[Short web captions]
=== Begin Enclosure ===

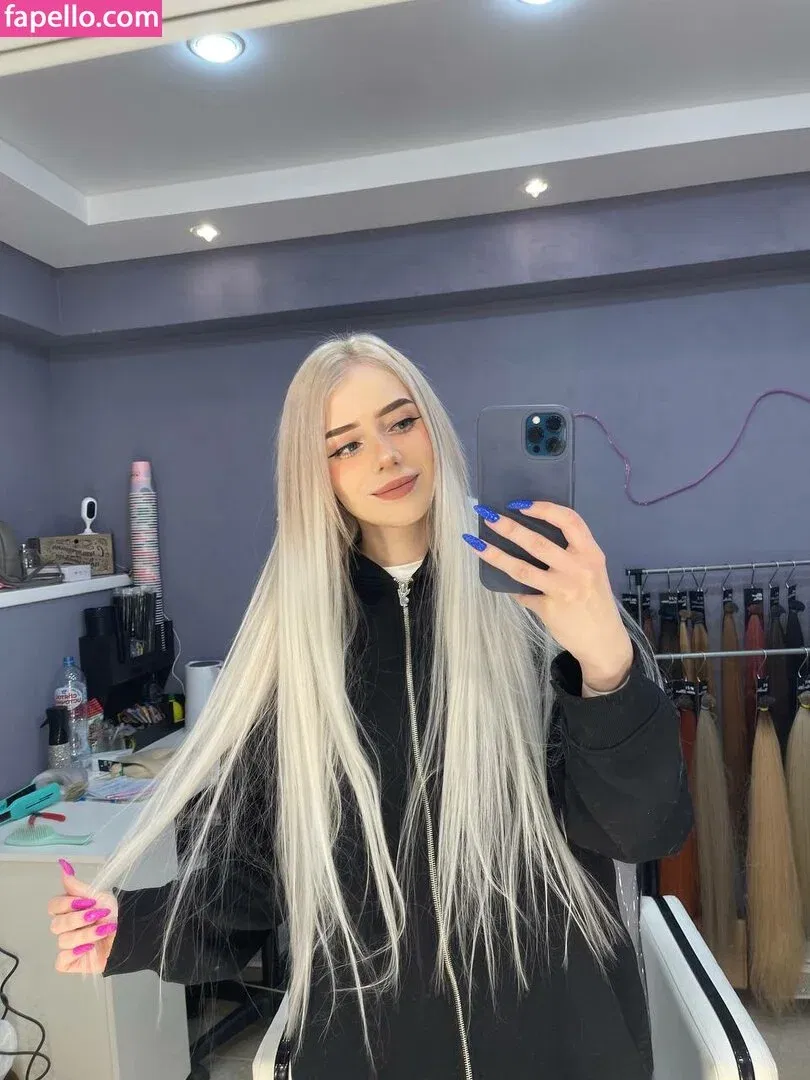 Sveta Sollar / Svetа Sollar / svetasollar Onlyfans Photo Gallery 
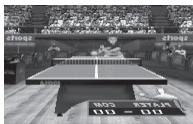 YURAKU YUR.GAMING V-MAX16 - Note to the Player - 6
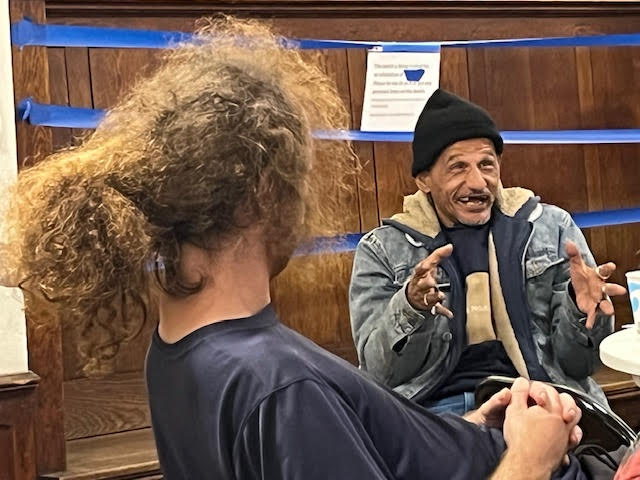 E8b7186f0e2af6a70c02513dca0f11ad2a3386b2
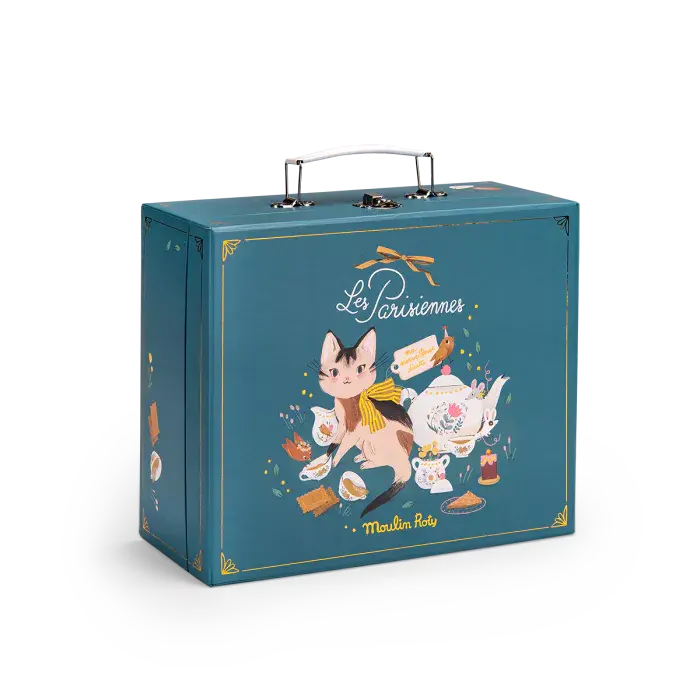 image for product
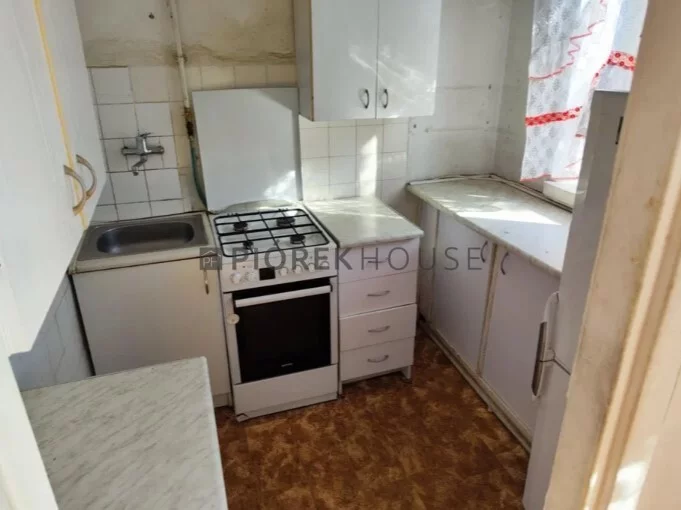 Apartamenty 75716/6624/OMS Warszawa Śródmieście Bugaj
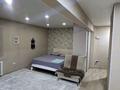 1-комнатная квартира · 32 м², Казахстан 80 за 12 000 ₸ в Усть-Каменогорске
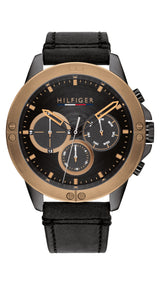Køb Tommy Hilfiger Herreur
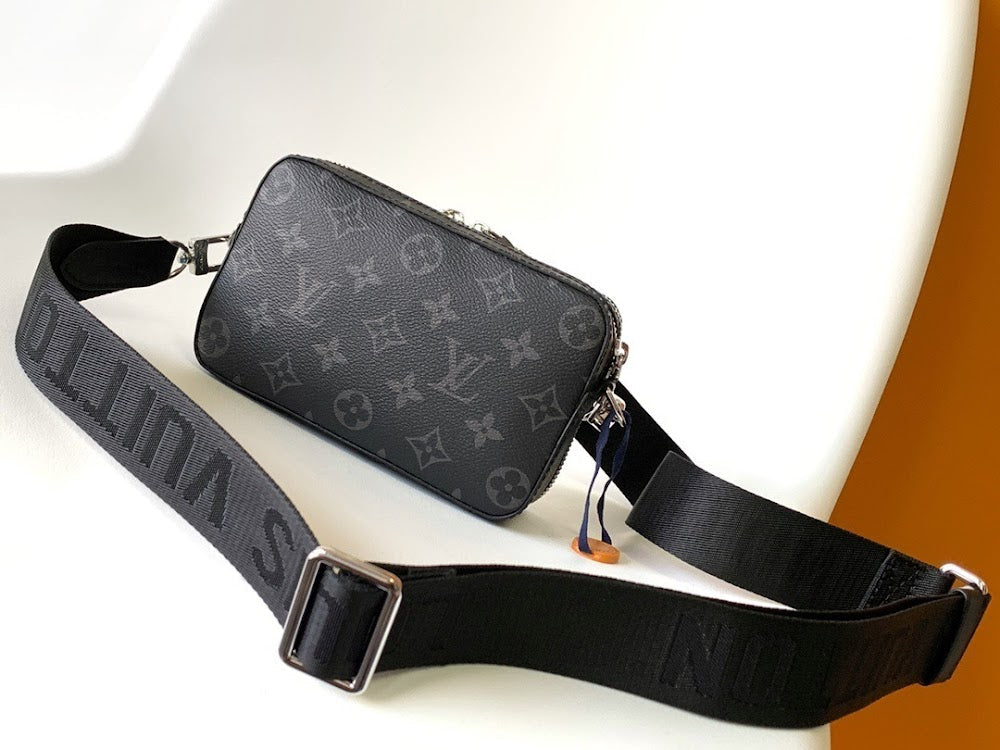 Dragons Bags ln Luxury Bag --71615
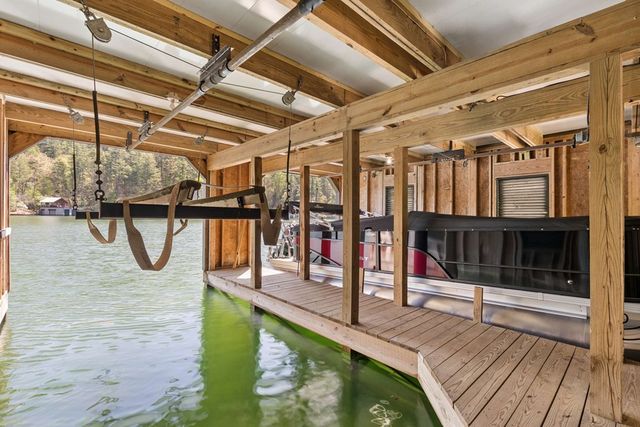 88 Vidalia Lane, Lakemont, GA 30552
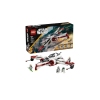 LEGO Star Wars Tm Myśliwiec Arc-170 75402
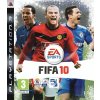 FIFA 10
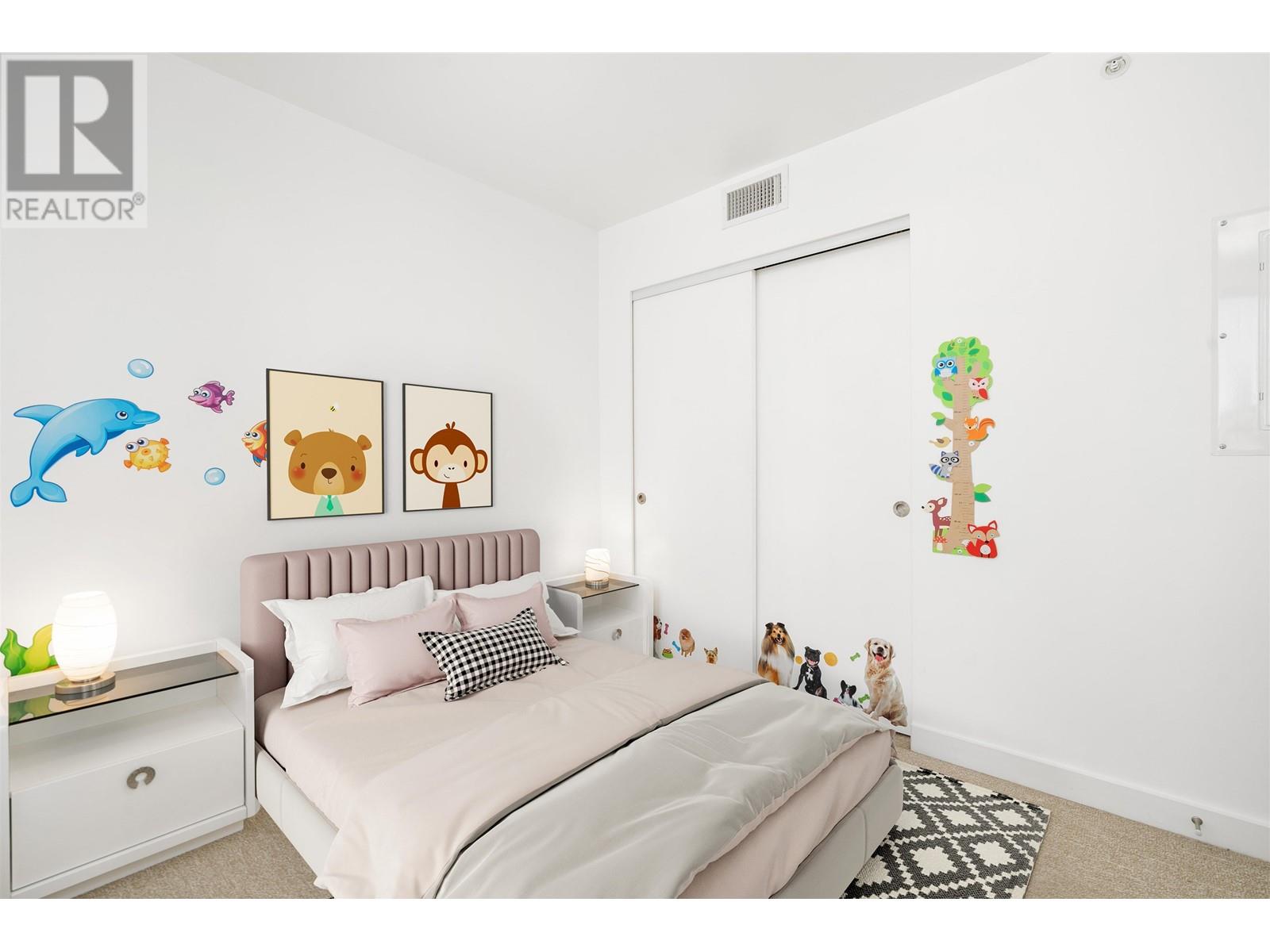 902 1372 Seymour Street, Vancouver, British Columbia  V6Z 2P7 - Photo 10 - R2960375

=== End Enclosure ===

_What you need to do_. Could you write out all the records exactly, without the pictures?

_Written solution_.
 Sveta Sollar / Svetа Sollar / svetasollar Onlyfans Photo Gallery 
 YURAKU YUR.GAMING V-MAX16 - Note to the Player - 6
 E8b7186f0e2af6a70c02513dca0f11ad2a3386b2
 image for product
 Apartamenty 75716/6624/OMS Warszawa Śródmieście Bugaj
 1-комнатная квартира · 32 м², Казахстан 80 за 12 000 ₸ в Усть-Каменогорске
Køb Tommy Hilfiger Herreur
 Dragons Bags ln Luxury Bag --71615
 88 Vidalia Lane, Lakemont, GA 30552
 LEGO Star Wars Tm Myśliwiec Arc-170 75402
 FIFA 10
 902 1372 Seymour Street, Vancouver, British Columbia  V6Z 2P7 - Photo 10 - R2960375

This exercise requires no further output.